DIRECTIONS FOR THIS TASK
Would you copy the lines below exactly and omit the images?

DATA PROVIDED
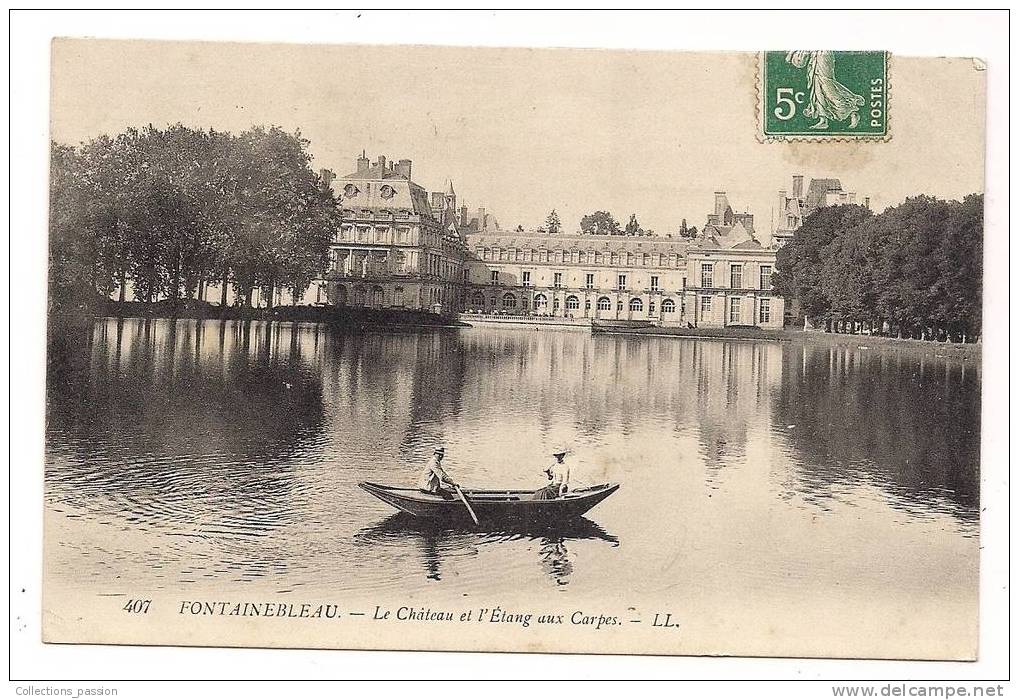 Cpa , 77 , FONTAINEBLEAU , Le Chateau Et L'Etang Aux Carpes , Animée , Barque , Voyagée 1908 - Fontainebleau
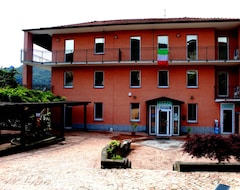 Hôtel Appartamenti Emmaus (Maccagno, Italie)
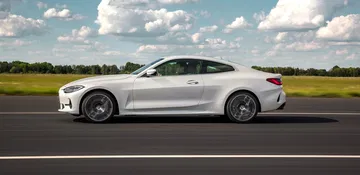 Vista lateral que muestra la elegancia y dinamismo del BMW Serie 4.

RESPONSE TO THE EXERCISE
 Cpa , 77 , FONTAINEBLEAU , Le Chateau Et L'Etang Aux Carpes , Animée , Barque , Voyagée 1908 - Fontainebleau
 Hôtel Appartamenti Emmaus (Maccagno, Italie)
 Vista lateral que muestra la elegancia y dinamismo del BMW Serie 4.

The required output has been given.